Contributors to The Avalanche Review bring deep expertise and strong writing to the study of avalanches and avalanche safety.
Steve Conger began his contributions to the avalanche community with the creation of the first snow crystal card and waterproof field book for recording snowpack profile observations. Steve is an editor emeritus of The Avalanche Review and an instructor for the Canadian Avalanche Association Industry Training Program. He lives in Golden, BC.
WildSnow.com publisher emeritus and founder Lou Dawson has a 40+ year career in backcountry skiing and ski mountaineering. He was the first person in history to ski all 54 Colorado 14,000-foot peaks, has authored numerous books about backcountry skiing, and has skied from the summit of Denali.
Emerging from the legendary ski town of San Diego, Jeff Deems’ skiing habit was solidified in Colorado mountain towns. Degrees from Montana State and Colorado State added a small measure of legitimacy to that pursuit. As a researcher at the National Snow and Ice Data Center at CU Boulder, and a co-founder of the Airborne Snow Observatory, Jeff studies spatial variability in snow properties.

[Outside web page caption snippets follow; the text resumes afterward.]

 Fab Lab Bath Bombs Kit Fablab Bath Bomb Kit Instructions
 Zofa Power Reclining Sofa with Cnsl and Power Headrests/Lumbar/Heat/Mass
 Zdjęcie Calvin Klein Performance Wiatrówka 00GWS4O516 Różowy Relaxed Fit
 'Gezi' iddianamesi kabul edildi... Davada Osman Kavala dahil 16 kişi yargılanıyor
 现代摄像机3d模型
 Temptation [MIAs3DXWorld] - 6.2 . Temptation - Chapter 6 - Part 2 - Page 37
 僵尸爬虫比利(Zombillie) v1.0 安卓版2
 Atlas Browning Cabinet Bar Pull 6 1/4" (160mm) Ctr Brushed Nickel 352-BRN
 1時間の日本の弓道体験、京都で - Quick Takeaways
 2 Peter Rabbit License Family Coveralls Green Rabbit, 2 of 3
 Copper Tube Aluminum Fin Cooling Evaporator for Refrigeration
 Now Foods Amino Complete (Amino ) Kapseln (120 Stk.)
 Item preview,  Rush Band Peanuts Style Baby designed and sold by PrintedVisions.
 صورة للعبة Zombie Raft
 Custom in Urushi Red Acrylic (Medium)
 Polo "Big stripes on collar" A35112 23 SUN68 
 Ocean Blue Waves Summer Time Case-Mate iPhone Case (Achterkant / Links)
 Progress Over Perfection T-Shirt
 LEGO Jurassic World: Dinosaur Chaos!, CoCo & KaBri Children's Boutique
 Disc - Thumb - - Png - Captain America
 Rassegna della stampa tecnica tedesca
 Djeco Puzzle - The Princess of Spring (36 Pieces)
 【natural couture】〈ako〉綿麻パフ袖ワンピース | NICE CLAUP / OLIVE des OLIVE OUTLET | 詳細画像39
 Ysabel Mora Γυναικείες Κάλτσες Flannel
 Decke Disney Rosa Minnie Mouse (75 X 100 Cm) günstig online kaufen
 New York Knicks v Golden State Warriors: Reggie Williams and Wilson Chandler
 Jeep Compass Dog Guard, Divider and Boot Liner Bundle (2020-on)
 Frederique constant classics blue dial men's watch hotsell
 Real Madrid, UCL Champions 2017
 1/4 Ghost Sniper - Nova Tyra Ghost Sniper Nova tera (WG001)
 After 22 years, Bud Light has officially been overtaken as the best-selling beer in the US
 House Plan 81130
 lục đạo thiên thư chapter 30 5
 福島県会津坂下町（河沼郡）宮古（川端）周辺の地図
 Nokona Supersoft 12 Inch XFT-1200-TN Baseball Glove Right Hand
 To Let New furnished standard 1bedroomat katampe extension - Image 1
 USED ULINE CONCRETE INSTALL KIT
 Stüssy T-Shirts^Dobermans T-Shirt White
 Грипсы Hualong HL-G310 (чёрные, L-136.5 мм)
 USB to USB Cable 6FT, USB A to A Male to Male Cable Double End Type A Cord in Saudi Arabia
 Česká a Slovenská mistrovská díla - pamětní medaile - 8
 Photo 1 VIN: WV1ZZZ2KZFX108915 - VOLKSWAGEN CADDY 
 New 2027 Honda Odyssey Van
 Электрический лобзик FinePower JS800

Manasseh Franklin often found herself choosing between writing and skiing, which took her to San Francisco, the Tetons, and Laramie, Wyoming where she received an MFA in creative nonfiction writing and environment and natural resources. She now has happily merged the ski and writing life as the editor of WildSnow.
Peter Lev has a long history as a mountaineer, beginning back in the day when rock climbing was considered ‘training’ for mountaineering, and that would be the late 1950s. He was a mountain guide, initially employed by Exum Mountain Guides in the Tetons in 1960, and became a partner in the company in 1978. He retired from Exum in 2006 and guided another 4 years, until age 70, for Sylvan Rocks in the South Dakota Needles. Though pretending to be retired (some have said he always has been) Lev currently works with a private long-range weather forecasting company.
Ron Perla survived two major avalanches on the Alta ski patrol and as a USFS snow ranger. He coauthored an avalanche handbook, and helped design the USFS National Avalanche Schools. He established snow labs at Canmore, Sunshine, and Whistler where he studied strength, metamorphism, and microstructure of dry and wet snow. He developed two avalanche dynamic models, and is currently working on a third. See: www.snowavalanchearchive.com
Dave Richards was born and raised in the Wasatch Mountains of Utah. For the past 19 years Dave has worked as a fulltime Alta ski patroller and has been the director of the Alta ski area avalanche office for five seasons. He has also worked as a helicopter ski guide for Wasatch Powderbird Guides, as an avalanche rescue dog handler, and is a member of Wasatch Backcountry Rescue.
Emma Walker is a freelance writer and editor based in Boise, Idaho. She holds a MS degree in outdoor and experiential education from Alaska Pacific University, where she interviewed many women in the avalanche industry as she wrote her thesis on gendered decision-making in Alaska’s dynamic mountain environments. Emma has written for Outside, Powder, and The Dirtbag Diaries, and is the editor of the AMGA GUIDE Bulletin and two volumes of The Snowy Torrents. She is the author of Dead Reckoning: Learning from Accidents in the Outdoors (Falcon, forthcoming 2021). When she’s not writing, you’ll find Emma on skis or a bike, usually with her trusty mutt.
Chris Wilbur is an avalanche defense engineer based in Durango, Colorado. He is fascinated with the engineering behavior of highly variable complex natural materials, as well as the dynamic response of structures to avalanche loads.
Ken Wylie is an IFMGA guide, educator and author. He has been on faculty at the University of Calgary, Mount Royal University, and Thompson Rivers University in adventure-based academic programs. His personal adventures range from the highest peaks is the Andes and numerous new rock and ice climbs to grade 6 big walls. Ken founded Mountains for Growth in 2013 to help individuals and groups gain personal insight and wisdom through their mountain adventures. Ken has developed the concept of “Adventure Literacy” based on the idea that the mountains are always presenting information to us through the process of adventure. Ken is the author of Buried (2014), which is about his path navigating through tragedy.